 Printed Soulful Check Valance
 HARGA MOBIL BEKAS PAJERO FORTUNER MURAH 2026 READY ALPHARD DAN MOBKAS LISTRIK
+-------+
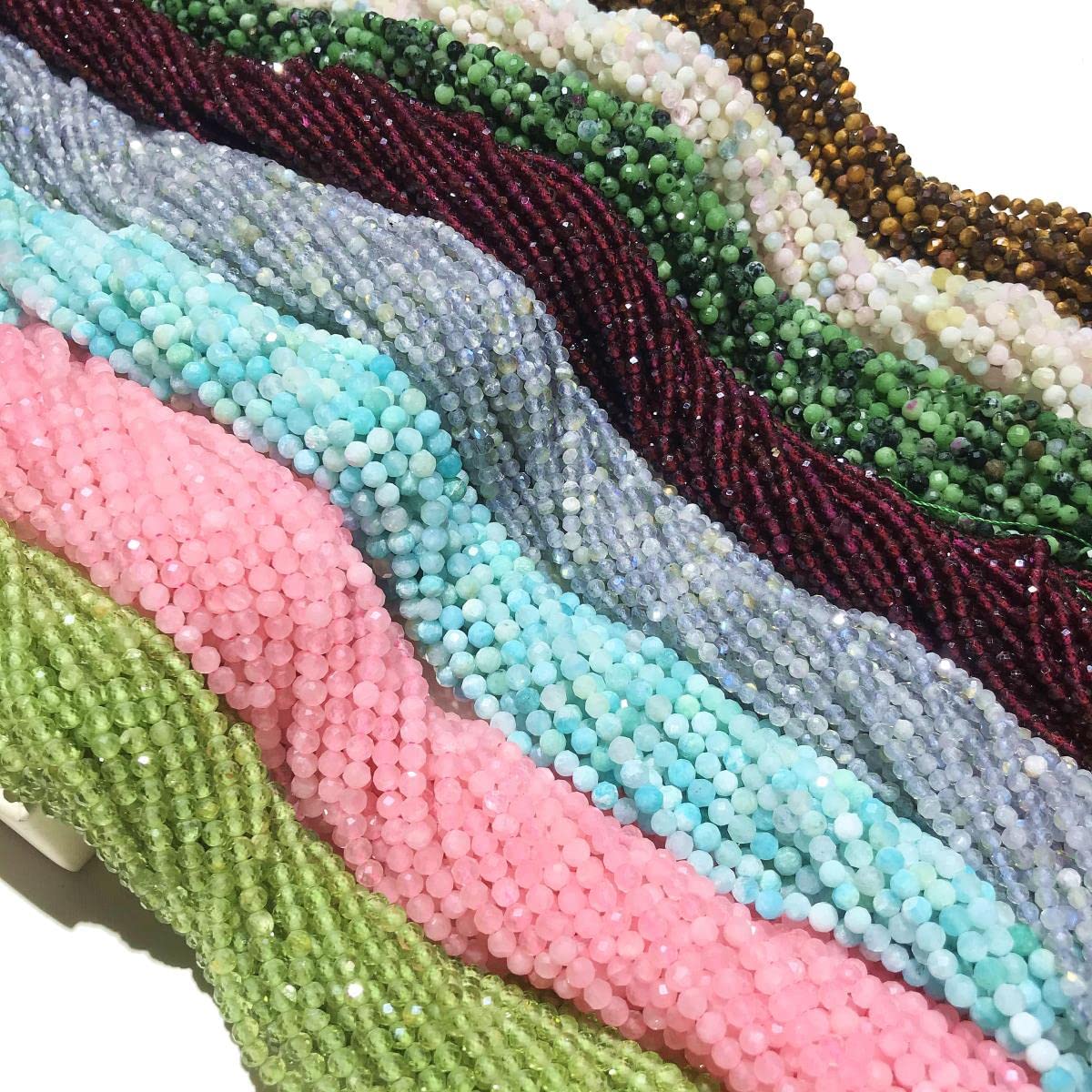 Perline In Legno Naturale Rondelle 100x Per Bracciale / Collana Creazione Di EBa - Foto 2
+-------+
**Task instructions**.
In the listing above, locate the line containing "Printed Soulful Check Valance" and the line containing "HARGA MOBIL BEKAS". Transcribe those two lines and everything between them, exactly as written.

**Result of the exercise**.
 Printed Soulful Check Valance
 HARGA MOBIL BEKAS PAJERO FORTUNER MURAH 2026 READY ALPHARD DAN MOBKAS LISTRIK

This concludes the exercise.